§ TASK ITEM
Retype verbatim the lines of the listing, from the very first through the line with "Homestay An Bang Little Family *".

-- Opening Marker --

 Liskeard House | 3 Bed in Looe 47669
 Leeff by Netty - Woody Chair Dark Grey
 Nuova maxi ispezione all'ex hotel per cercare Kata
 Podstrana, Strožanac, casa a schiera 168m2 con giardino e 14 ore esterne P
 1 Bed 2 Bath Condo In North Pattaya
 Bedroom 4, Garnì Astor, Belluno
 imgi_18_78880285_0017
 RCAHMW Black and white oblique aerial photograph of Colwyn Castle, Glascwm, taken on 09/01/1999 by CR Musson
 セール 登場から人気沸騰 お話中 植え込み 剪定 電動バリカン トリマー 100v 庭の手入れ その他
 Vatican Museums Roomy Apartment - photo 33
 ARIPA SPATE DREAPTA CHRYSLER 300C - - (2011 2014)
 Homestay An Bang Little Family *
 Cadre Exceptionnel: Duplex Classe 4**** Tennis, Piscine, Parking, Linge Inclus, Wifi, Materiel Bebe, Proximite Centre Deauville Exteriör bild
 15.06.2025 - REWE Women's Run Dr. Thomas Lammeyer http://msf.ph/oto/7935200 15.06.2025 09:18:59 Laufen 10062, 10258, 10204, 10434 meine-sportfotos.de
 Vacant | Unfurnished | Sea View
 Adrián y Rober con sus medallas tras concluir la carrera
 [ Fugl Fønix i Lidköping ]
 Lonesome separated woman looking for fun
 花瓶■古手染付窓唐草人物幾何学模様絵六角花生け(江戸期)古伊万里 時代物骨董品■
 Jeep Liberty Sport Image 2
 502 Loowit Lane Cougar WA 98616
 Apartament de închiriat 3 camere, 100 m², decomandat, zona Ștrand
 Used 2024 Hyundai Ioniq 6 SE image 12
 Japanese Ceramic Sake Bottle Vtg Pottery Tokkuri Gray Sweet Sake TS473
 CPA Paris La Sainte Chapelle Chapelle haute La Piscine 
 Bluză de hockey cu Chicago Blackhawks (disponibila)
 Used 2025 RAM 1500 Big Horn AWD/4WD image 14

-- Closing Marker --

§ YOUR SOLUTION
 Liskeard House | 3 Bed in Looe 47669
 Leeff by Netty - Woody Chair Dark Grey
 Nuova maxi ispezione all'ex hotel per cercare Kata
 Podstrana, Strožanac, casa a schiera 168m2 con giardino e 14 ore esterne P
 1 Bed 2 Bath Condo In North Pattaya
 Bedroom 4, Garnì Astor, Belluno
 imgi_18_78880285_0017
 RCAHMW Black and white oblique aerial photograph of Colwyn Castle, Glascwm, taken on 09/01/1999 by CR Musson
 セール 登場から人気沸騰 お話中 植え込み 剪定 電動バリカン トリマー 100v 庭の手入れ その他
 Vatican Museums Roomy Apartment - photo 33
 ARIPA SPATE DREAPTA CHRYSLER 300C - - (2011 2014)
 Homestay An Bang Little Family *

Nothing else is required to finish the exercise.